Let’s get one point straight: Data reporting is different from data analysis. Many of the statistics and data that we encounter in daily life — think graphs, charts, statistics, etc. — are data reports, rather than strict analyses. What data analysts do when they generate reports is provide brief snapshots of significant trends and patterns. 

Think of election poll information as an example; when you pull up a real-time polling data chart, you can see at a glance which candidate is drawing in the most votes. What you don’t see is the underlying data driving those numbers. Without further analysis and information, the average person wouldn’t have the detailed insights they would need to understand the results of an upcoming election. Data reports offer a quick and insightful snapshot, not a comprehensive explanation. 

That said, clear and accurate data reporting is an essential part of the data science profession. Data reporting can identify critical questions and pinpoint important items of concern. Many business leaders, managers, marketers, and others that you would interact with as a data analyst do not have the technical skillset to mine and understand the data themselves. 

When you produce easily understandable charts, graphs, and reports, business leaders in non-technical fields can grasp the results of your data science work and put it into practice. Being able to report information in a way that is understandable to non-specialist professionals is crucial to a successful career as a data analyst. 

Creating or Maintaining Databases

Not every data analyst will administer or manage a database, but having an understanding of the principles that underlie database management is nevertheless essential. First, let’s distinguish between the two roles: A database administrator is charged with maintaining and developing reliable systems that can receive, manage, and report data, whereas a data analyst takes that information from the database to identify trends and draw further conclusions. 

When data analysts understand how to navigate, organize, and find the datasets they use, they are better able to understand the information they receive, identify issues and problems, and make previously unnoted connections. Having a thorough technical grounding in database creation and management can make you more marketable as a data analyst.

Tools Data Analysts Use Regularly

  • Excel — Sure, it’s an incredibly common program, but it’s an industry staple for a reason. Microsoft’s spreadsheet program offers data analysts a means to report and share data across a broad user base. With it, you can produce easily understandable data reports from simple Excel tables or graphs.
  • Python — This widely-used programming language is designed to be easy to read and integrates efficiently and effectively across different operating systems.
  • SQL/NoSQL — SQL, or Structured Query Language, is a standard programming language that has been used to build, manage, maintain, and query relational databases. NoSQL databases, on the other hand, use JSON documents to store information in non-relational databases. NoSQL tends to be more flexible, scalable, and approachable for companies with massive datasets. 
  • Tableau — Tableau software contains an array of tools that you can use to identify outliers, view underlying information, or create new views of existing data.
  • Hadoop — This open-source framework offers the ability to store and manage large amounts of data and process it quickly, relying on a distributed computing model.

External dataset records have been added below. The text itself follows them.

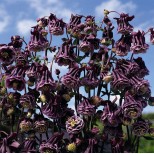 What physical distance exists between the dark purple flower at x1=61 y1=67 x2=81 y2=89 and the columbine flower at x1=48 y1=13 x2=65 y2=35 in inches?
23.4

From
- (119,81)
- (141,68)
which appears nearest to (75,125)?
(119,81)

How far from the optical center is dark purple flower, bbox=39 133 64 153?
4434mm

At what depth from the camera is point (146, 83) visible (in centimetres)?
463

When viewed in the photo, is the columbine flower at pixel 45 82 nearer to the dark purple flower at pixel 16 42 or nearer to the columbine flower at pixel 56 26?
the columbine flower at pixel 56 26

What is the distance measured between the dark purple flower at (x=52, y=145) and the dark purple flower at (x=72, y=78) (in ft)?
1.55

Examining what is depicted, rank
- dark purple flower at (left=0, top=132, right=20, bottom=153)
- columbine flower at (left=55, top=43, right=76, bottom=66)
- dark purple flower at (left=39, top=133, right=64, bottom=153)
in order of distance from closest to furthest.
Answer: dark purple flower at (left=0, top=132, right=20, bottom=153), dark purple flower at (left=39, top=133, right=64, bottom=153), columbine flower at (left=55, top=43, right=76, bottom=66)

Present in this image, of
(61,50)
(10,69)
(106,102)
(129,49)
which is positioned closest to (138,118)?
(106,102)

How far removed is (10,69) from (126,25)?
1.30 meters

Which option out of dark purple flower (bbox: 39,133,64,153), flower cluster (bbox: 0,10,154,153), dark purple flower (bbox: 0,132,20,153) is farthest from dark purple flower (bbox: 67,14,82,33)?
dark purple flower (bbox: 0,132,20,153)

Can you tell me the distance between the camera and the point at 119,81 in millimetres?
4570

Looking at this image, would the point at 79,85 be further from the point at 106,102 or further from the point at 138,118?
the point at 138,118

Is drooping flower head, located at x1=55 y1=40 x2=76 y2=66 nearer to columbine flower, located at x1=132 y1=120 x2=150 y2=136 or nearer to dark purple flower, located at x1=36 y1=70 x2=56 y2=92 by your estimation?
dark purple flower, located at x1=36 y1=70 x2=56 y2=92

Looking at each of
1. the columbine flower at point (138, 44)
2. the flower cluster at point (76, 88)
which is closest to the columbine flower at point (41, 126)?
the flower cluster at point (76, 88)

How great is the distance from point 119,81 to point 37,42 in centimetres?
93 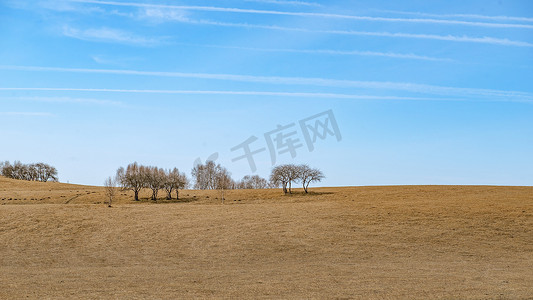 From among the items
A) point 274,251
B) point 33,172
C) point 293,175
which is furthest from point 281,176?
point 33,172

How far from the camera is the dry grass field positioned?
16859mm

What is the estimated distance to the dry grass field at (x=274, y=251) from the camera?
1686cm

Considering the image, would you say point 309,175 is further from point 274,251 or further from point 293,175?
point 274,251

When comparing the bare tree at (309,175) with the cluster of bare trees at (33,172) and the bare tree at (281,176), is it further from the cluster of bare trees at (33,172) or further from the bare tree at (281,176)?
the cluster of bare trees at (33,172)

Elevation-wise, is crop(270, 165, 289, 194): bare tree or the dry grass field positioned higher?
crop(270, 165, 289, 194): bare tree

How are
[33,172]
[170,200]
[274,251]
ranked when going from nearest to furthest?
[274,251], [170,200], [33,172]

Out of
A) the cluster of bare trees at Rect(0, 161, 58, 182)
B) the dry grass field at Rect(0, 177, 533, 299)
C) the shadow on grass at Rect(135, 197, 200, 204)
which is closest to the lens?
the dry grass field at Rect(0, 177, 533, 299)

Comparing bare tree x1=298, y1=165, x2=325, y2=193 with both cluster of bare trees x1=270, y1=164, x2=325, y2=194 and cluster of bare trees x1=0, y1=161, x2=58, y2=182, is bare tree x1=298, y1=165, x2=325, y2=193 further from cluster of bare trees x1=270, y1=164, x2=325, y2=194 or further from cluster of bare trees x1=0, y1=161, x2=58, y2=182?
cluster of bare trees x1=0, y1=161, x2=58, y2=182

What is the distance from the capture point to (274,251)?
29281 mm

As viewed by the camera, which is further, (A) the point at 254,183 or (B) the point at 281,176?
(A) the point at 254,183

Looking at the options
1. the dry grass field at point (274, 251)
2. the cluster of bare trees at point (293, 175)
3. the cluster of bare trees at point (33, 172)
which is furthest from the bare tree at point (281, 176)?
the cluster of bare trees at point (33, 172)

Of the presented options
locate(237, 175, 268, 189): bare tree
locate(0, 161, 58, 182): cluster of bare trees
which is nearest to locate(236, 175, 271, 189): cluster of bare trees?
locate(237, 175, 268, 189): bare tree

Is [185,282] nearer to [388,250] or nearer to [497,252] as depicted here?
[388,250]

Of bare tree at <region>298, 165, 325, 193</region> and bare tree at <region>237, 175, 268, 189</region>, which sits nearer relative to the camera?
bare tree at <region>298, 165, 325, 193</region> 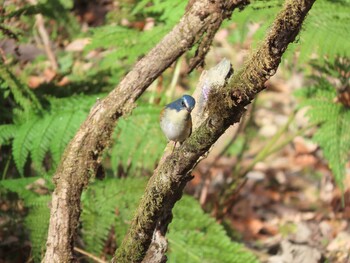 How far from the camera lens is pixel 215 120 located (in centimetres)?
130

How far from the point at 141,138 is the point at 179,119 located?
4.25ft

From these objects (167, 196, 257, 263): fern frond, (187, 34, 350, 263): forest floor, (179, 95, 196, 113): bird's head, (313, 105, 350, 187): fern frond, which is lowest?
(187, 34, 350, 263): forest floor

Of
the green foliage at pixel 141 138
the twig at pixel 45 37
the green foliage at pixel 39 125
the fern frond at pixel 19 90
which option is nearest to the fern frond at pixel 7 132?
the green foliage at pixel 39 125

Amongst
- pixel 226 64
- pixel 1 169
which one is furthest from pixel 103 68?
pixel 226 64

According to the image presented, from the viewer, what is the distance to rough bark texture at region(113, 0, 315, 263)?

Data analysts use high-level technical skills to identify trends, understand customers and the public and, in many ways, predict the future. A solid technical grounding can lead to tremendous success in this growing and in-demand field. 

There are several educational paths that you can take to a career in data analysis. While some choose to earn a four-year university degree, career changers or those with additional responsibilities at home may find alternative options like boot camps a better path. These intensive learning opportunities offer the technical knowledge needed to forge a path in data science.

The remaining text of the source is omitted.